- **What you should do**
Would you transcribe only the lines from the one holding "Unidentified Chordata" through the end of the material, exactly, without any pictures?

- **Provided data**

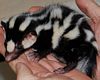 24. Spotted Skunk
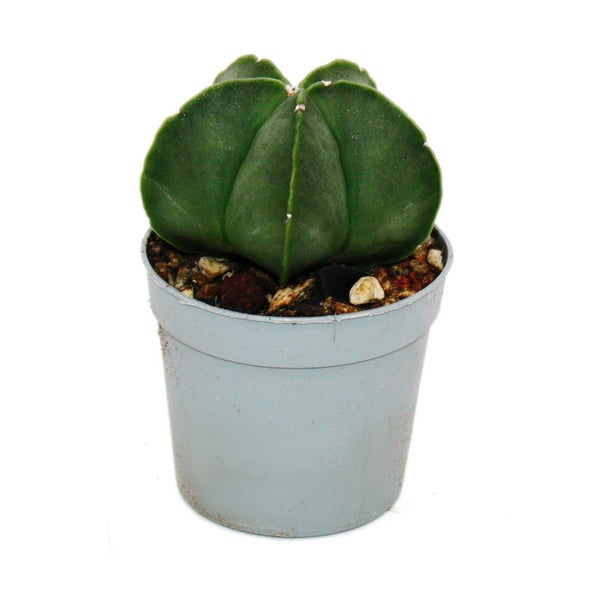 Astrophytum myriostigma NUDUM - Die nackte Bischofsmütze - im 6,5cm Topf - Rarität unter den Kakteen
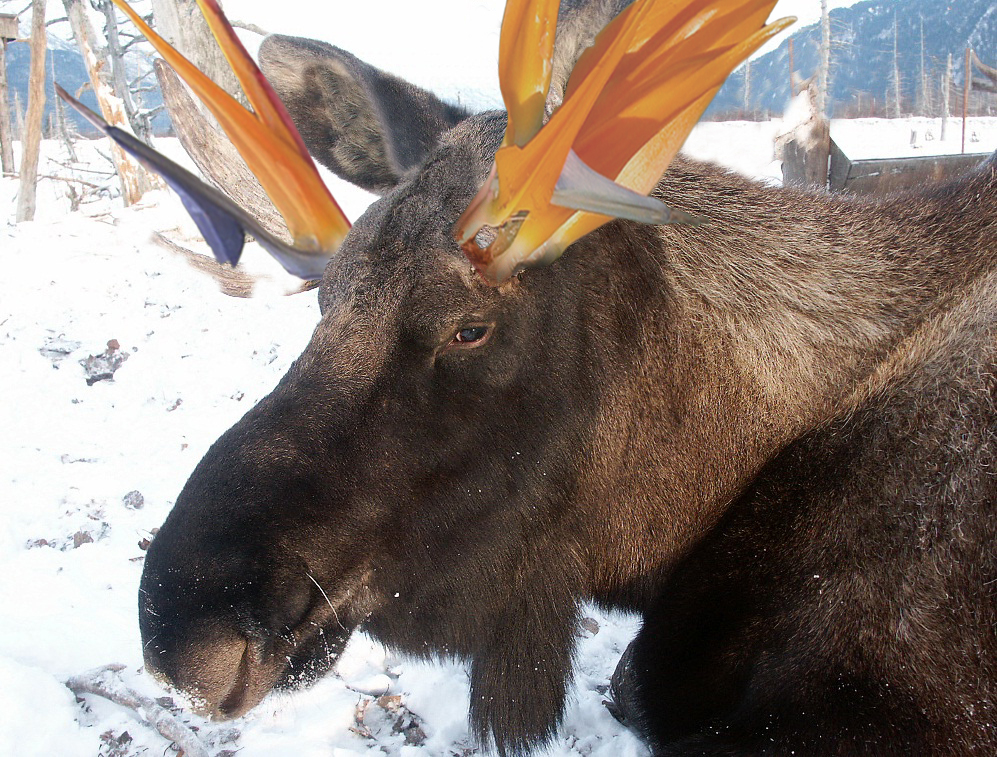 Photoshop Design by duragg for DesignCrowd (Community Contests) | Design #9099049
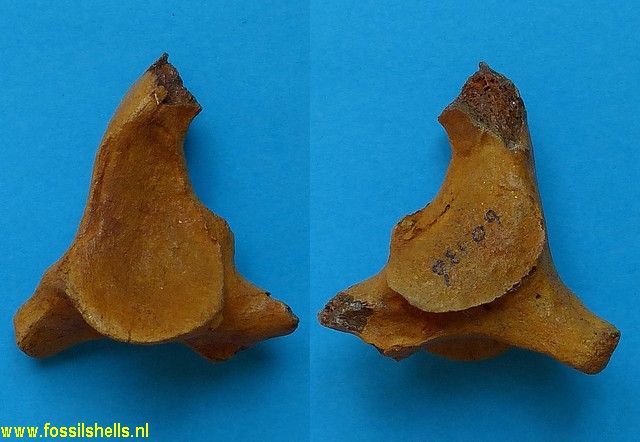 Unidentified Chordata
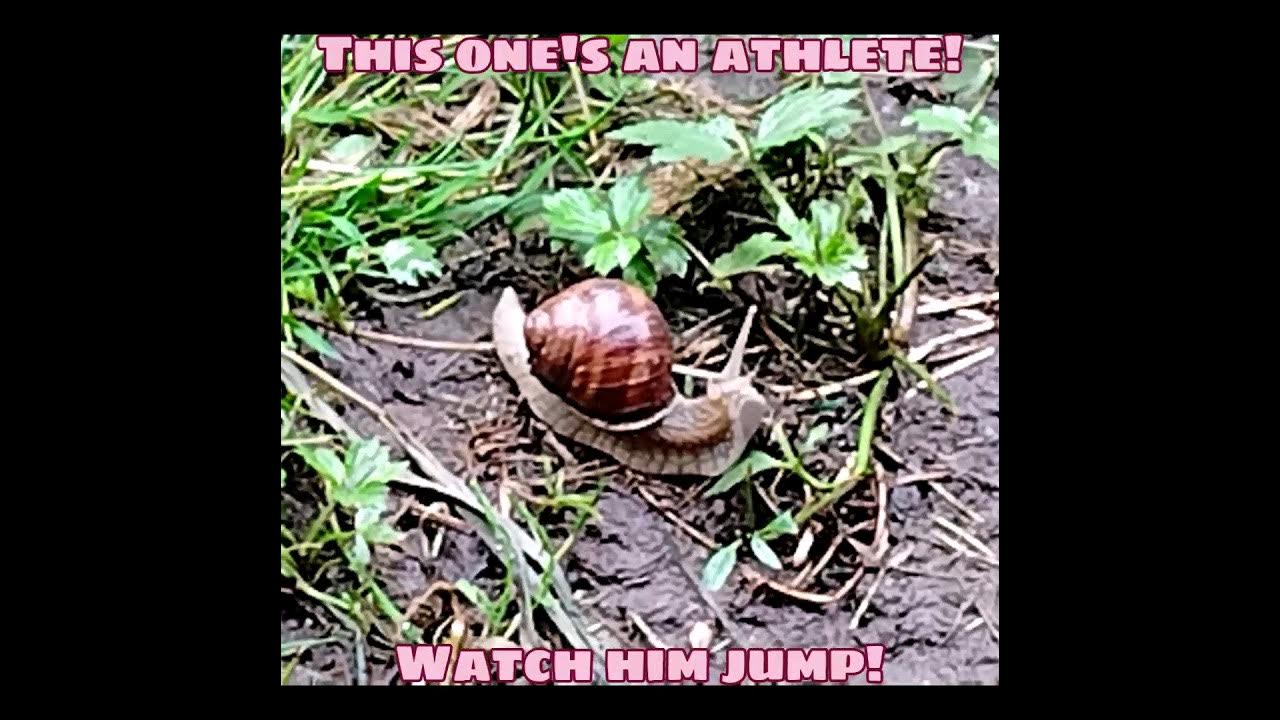Hungry, athletic and baby snails (I did put them in the grass, with the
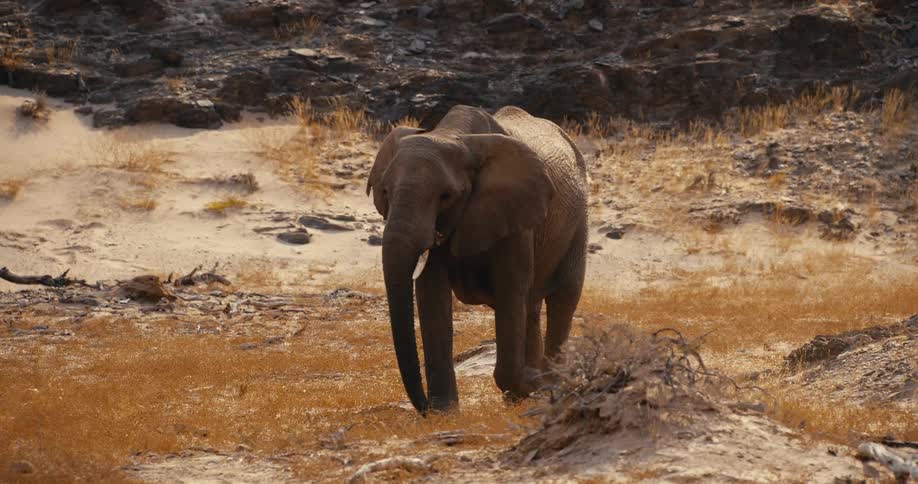 A large elephant with a single tusk walks across a dry and sandy landscape near rocky hills during the day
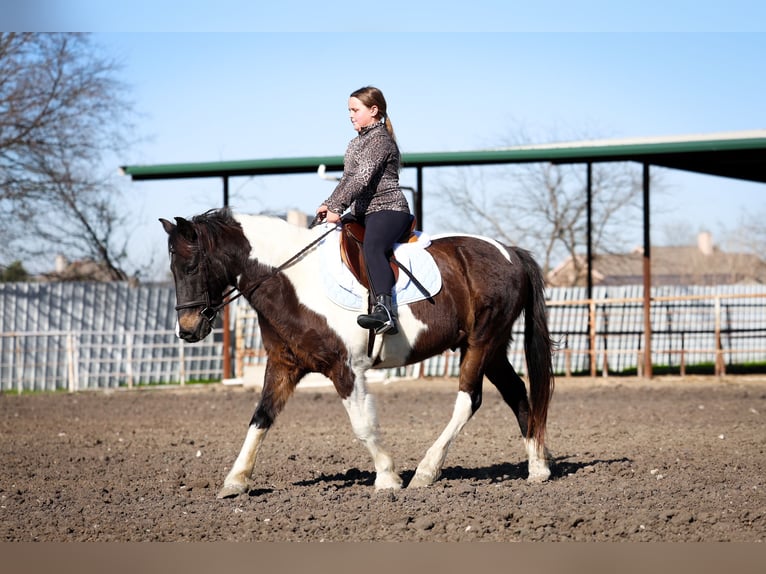 Caballo cuarto de milla Caballo castrado 7 años 140 cm Pío in Forney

- **Problem solution**
 Unidentified Chordata
Hungry, athletic and baby snails (I did put them in the grass, with the
 A large elephant with a single tusk walks across a dry and sandy landscape near rocky hills during the day
 Caballo cuarto de milla Caballo castrado 7 años 140 cm Pío in Forney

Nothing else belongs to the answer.